The hit singles kept on coming - Won't
You Hold My Hand Now, Alone Without
You and my own personal favourite The
Taste Of Your Tears.
And back in those days bands didn't have Stone Rosesque gaps between
first and second albums.
By November of the same year the follow up album Bitter
Sweet had been released, also going gold.
The clock, however, was ticking away on their 15 minutes of fame.

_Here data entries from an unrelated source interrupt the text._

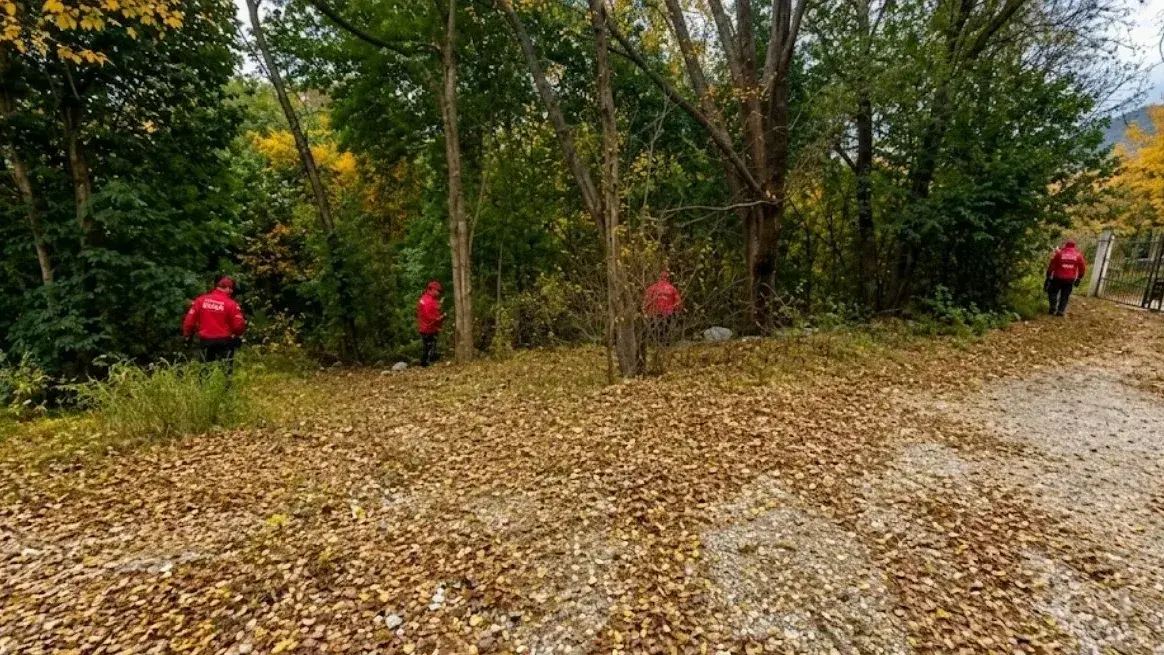 Peritos trabajaron tras el hallazgo de un cráneo humano en una vivienda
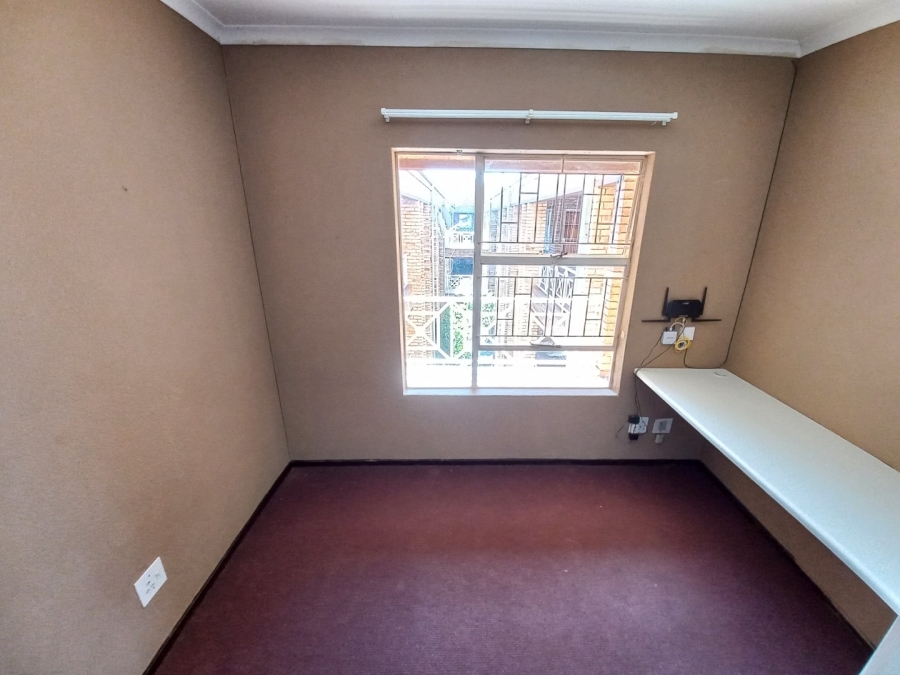 To Let 2 Bedroom Property for Rent in Kannoniers Park North West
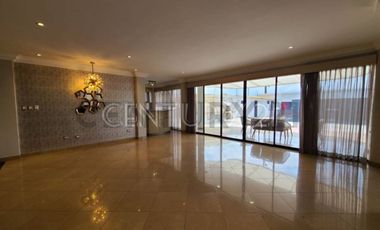 Alquiler Casa de Lujo con Piscina en Urbanización Biblos, Samborondón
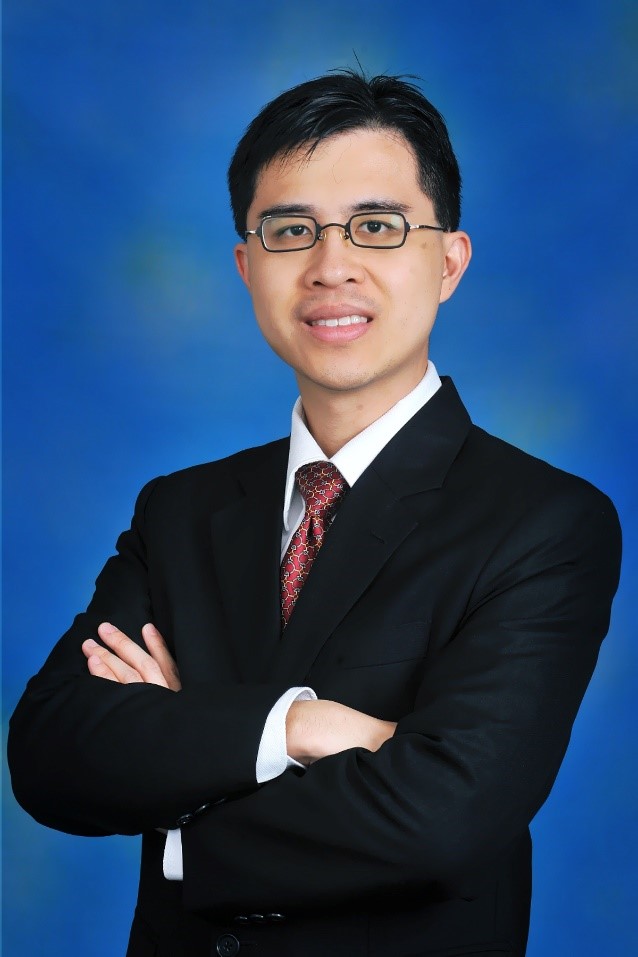 Dr Amos Loh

In August of 1986 the band headlined the Yiva! anti-apartheid
show at the NEC. It was to be their last concert. In November
the band were working with Grammy award winning producer Dan Hartman
on a third album when it was announced that they were splitting
up.
A CBS spokesman said: "The split came to a head when the
band started working with Dan. The music direction was changing
and it did not suit King's old style."
Paul flew out to America to embark on a solo career, working with Dan Hartman. The first single, I Know, was a flop. The follow up didn't
fare any better. The album, when it was finally released in 1987,
failed to chart completely.
He kept himself in the public eye by appearing on the Ferry Aid
single Let It Be and joining Wet Wet Wet and others for a huge
Sport Aid gig. He also canoodled publicly with Koo Stark. It couldn't,
however, hide the failure of his solo career.
In November Paul received a dreaded vote of confidence from his
manager Perry Haines, who said: "I don't expect there to
be any problem when his contract with CBS comes up for renewal
soon.
"I think Paul is very pleased with the records themselves
and I'm optimistic about his solo career." By January 1988
his contract had been terminated.
All wasn't lost and the charismatic front man quickly built himself
a new and prosperous career as a television presenter, first on
MTV and later on VH1. It was a new experience for him. As he put
it: "The last time I had a proper job was when I worked for
Rolls Royce out in Ansty".
He's philosophical about it all these days, saying: "I went
straight into a solo career which, looking back, was not the right
thing to have done, musically or personally."
Fifteen years on I may claim that the only bands I was really
into were The Smiths, or The Cure, or The Bunnymen, but I have
to admit a nostalgic fondness for bands who wore silly suits,
knew their way around a catchy chorus and put some effort into
their hair. And in that respect, King ruled.